Despite repeated claims and tons of wishful thinking to the contrary, the diocese seems no closer to leaving the scandal behind almost a year after purportedly coming clean over its problem priests.
A fair question to ask at this point is, why is this so? Why is the diocese perpetually in the news in an awful, negative way over ancient abuse cases?
The diocese would tell you it's the fault of forces other than itself. Namely, some sort of conspiracy by an over-zealous attorney representing a number of those who say they were abused, John Aretakis, and the Times Union, notably reporter Andrew Tilghman, intent on spreading old, sensational stories.
In a word, "scandal-mongering," as the official diocese newspaper, The Evangelist, put it in a Feb. 20 editorial.

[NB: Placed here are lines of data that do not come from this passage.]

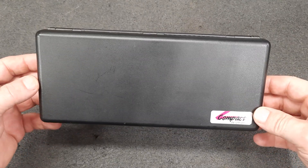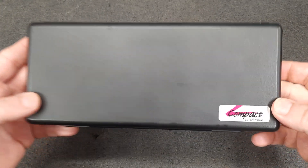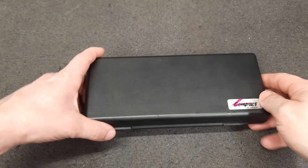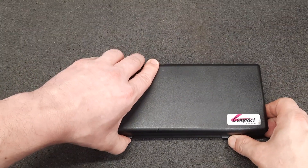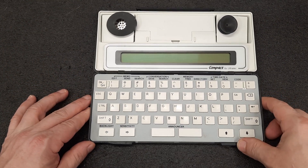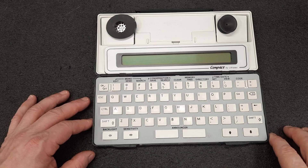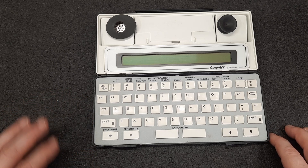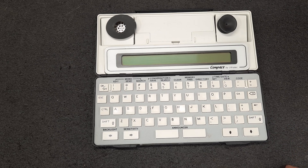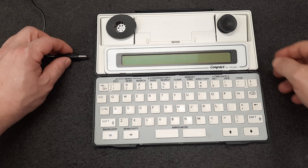Hello everyone, I found something cool from the late 90s - this is an Ultra Tech compact teletype machine, or TTY, for use by hearing impaired people. I was trying to figure out a way to test this thing, and I ran across a forum where they said to record your audio with a cell phone and play it back.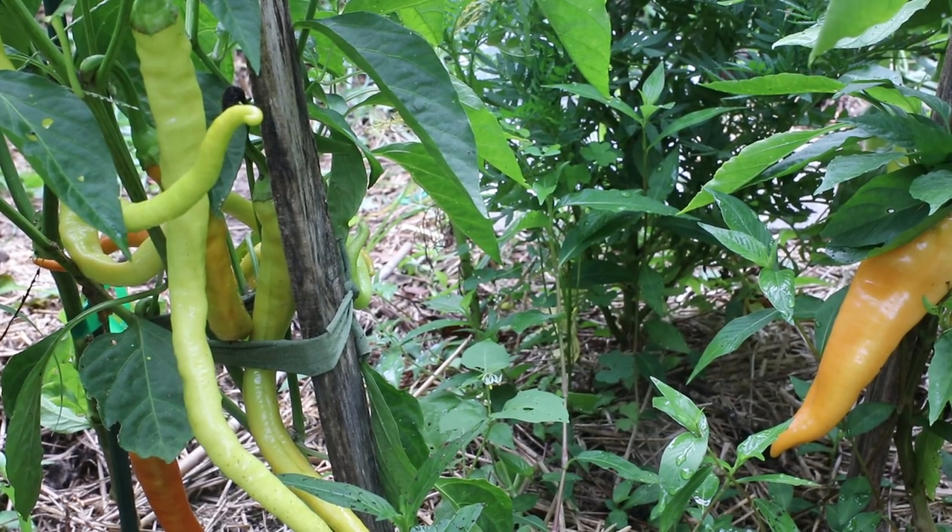Hi guys, today I'm going to be harvesting peppers and tomatillos. I'll also be sharing some tips with you.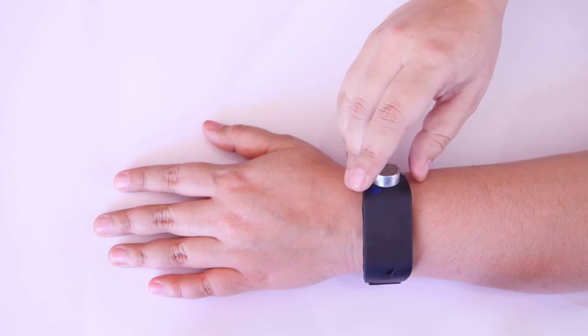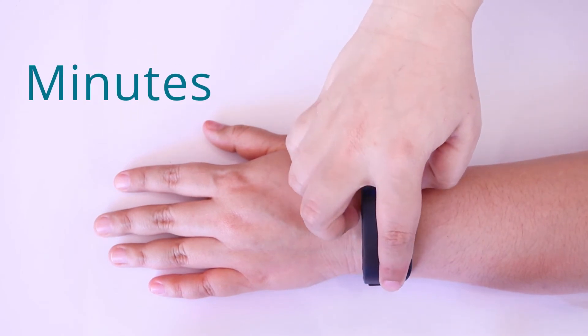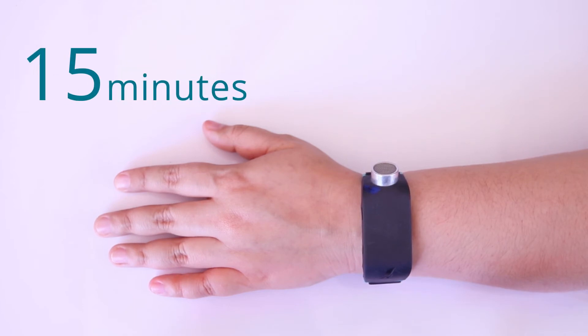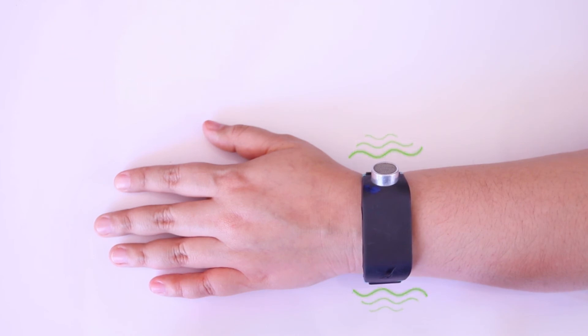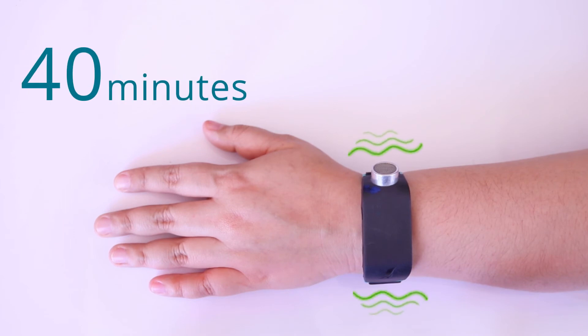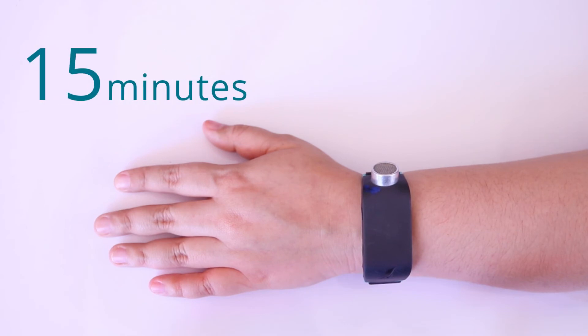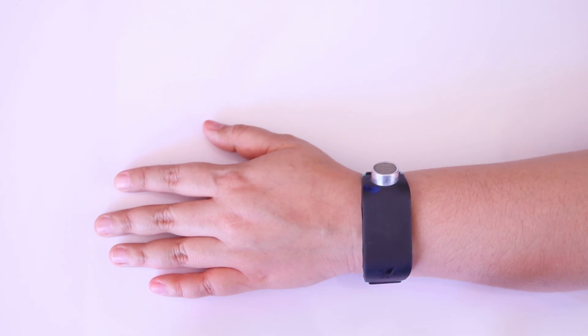Swipe out on the touchpad to read the minutes. The minutes are indicated in groups of vibratory patterns separated by a long pause. In the first group of pulses, Sonoban tells the time in 10-minute increments. A long pulse equals 50 minutes and a short pulse equals 10 minutes. For example, 4 short pulses in the first group equals 40 minutes. If you feel 1 long pulse, this equals 50 minutes. If there are no vibrations in the first group, you are less than 10 minutes past the hour.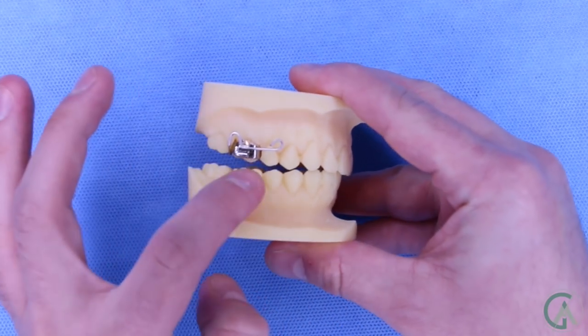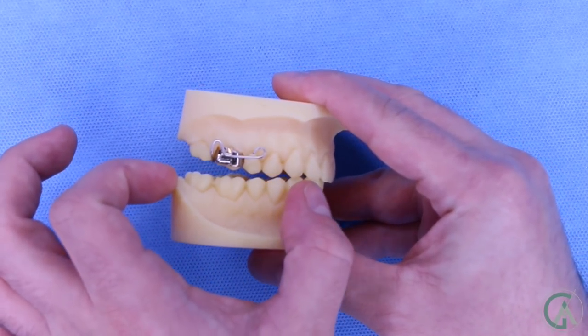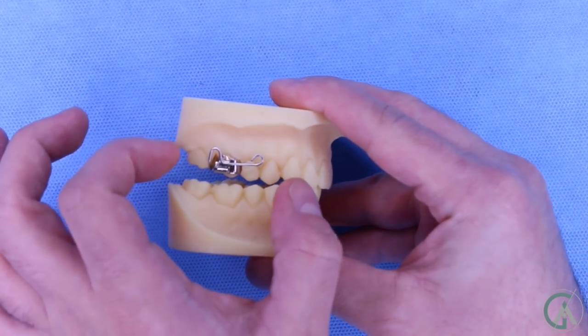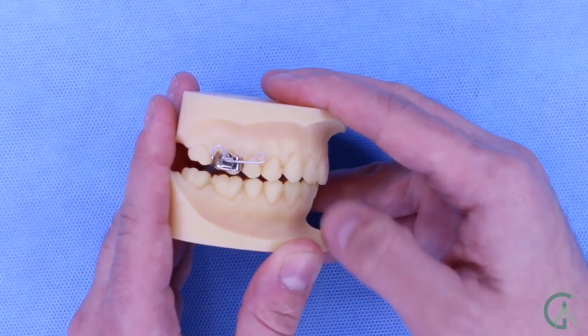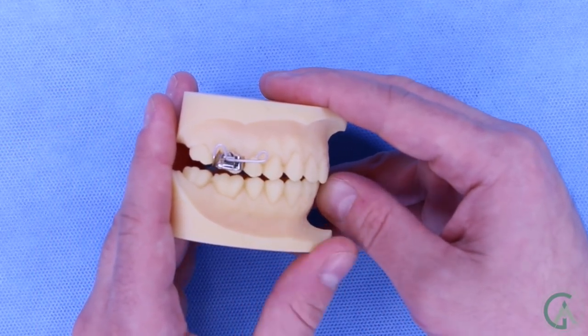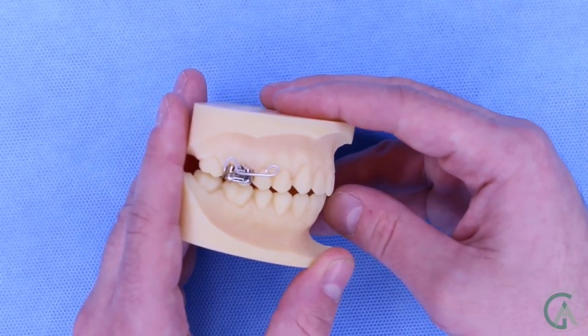The other way that anterior bite plates work is that they create a little bit of a gap between your back teeth, which allows your back teeth to erupt a little bit more and make it so that your deep bite becomes less deep. When you're in a bite plate, your back teeth have a tendency to not touch, so this allows your back teeth to extrude on the top and on the bottom until they touch. And when they do, your deep bite will be a little bit less deep because your back teeth will be touching earlier.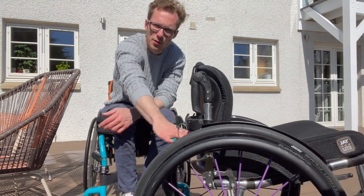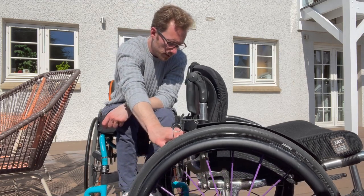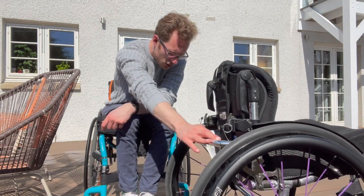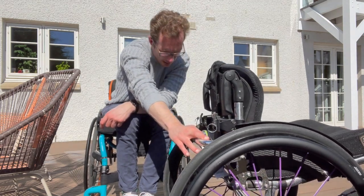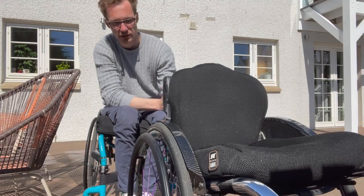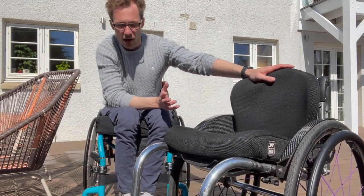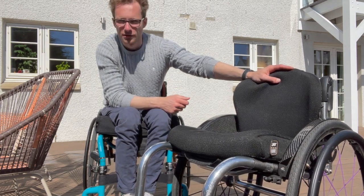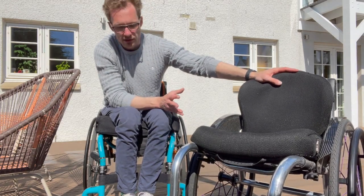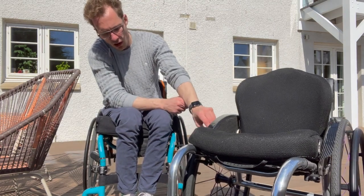The wheels are Spinergy — I think they're BL XL wheels with 18 spokes and they are fairly lightweight. The tires are Schwalbe Marathon Plus, which wasn't exactly what I had requested but I think they come standard on so many chairs because they're really good. I've never had a puncture with one, though I've only been a chair user for a year and a half. They weigh about half a kilogram each, which is quite significant when you think of the overall weight of the chair.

Well, the answer to this unfair charge is simple enough. Mind you, I don't speak for this newspaper; I just work here. But the newspaper didn't make up a single one of those stories, depicting events that may be old but hadn't seen the light of public disclosure. Nor did the Times Union create a single one of the victims.
It might seem to the fair-minded that the diocese is attempting to artfully deflect by shooting the messenger.
Deflect from what should also be obvious: that the diocese actually is suffering from two recurring nightmares. The first being the sexual abuse scandal itself. The second being the consequences of an incredibly artless strategy for dealing with the evolving scandal.
Whoever is calling the shots for the diocese is doing a remarkably lousy job. The diocese's strategy from the beginning seemed to be to define the scope of the scandal as a public relations problem and a legal problem. Protect the corporation and its assets, protect the leadership. What seems to have been lost are the spiritual problem, the credibility problem, the pastoral problem. The diocese is not behaving like a repentant sinner, but like one looking for a loophole into heaven. So "coming clean" meant giving the media, the public and the faithful a bare and therefore deceptive minimum of information about sexual abuse problems and priests involved.
When Aretakis presented new victims and when Tilghman wrote about problem priests we hadn't heard about before, public reaction each time has been like having a scab ripped off.
Take the revelations in newspapers about the Rev. Dozia Wilson. What was the diocese thinking? That none of this would eventually see the light of day?
Nearly a year ago, after the first horrible sexual abuse revelations were spilling out of the Boston Archdiocese, a leading member of the Albany Diocese told me privately that Cardinal Bernard Law, the Boston spiritual leader, had to go. He was finished. "Because he's lost his position of moral authority," I was told.
I'm not suggesting Bishop Howard Hubbard is in the same place. Not at all. But the woeful strategy employed by the diocese to manage the current crisis has certainly eroded the moral authority of the bishop. The faithful are badly shaken, and the diocese had better wake up to this. On March 29, a symposium, "Trusting the Clergy? The Churches and Communities Come to Grips with Sexual Misconduct," will be held at Siena College. Guest speakers include Archbishop Harry Flynn of St. Paul/Minneapolis, originally from this area, who chairs the U.S. Conference of Catholic Bishops' Committee on Sexual Abuse. Bishop Hubbard will be on a panel.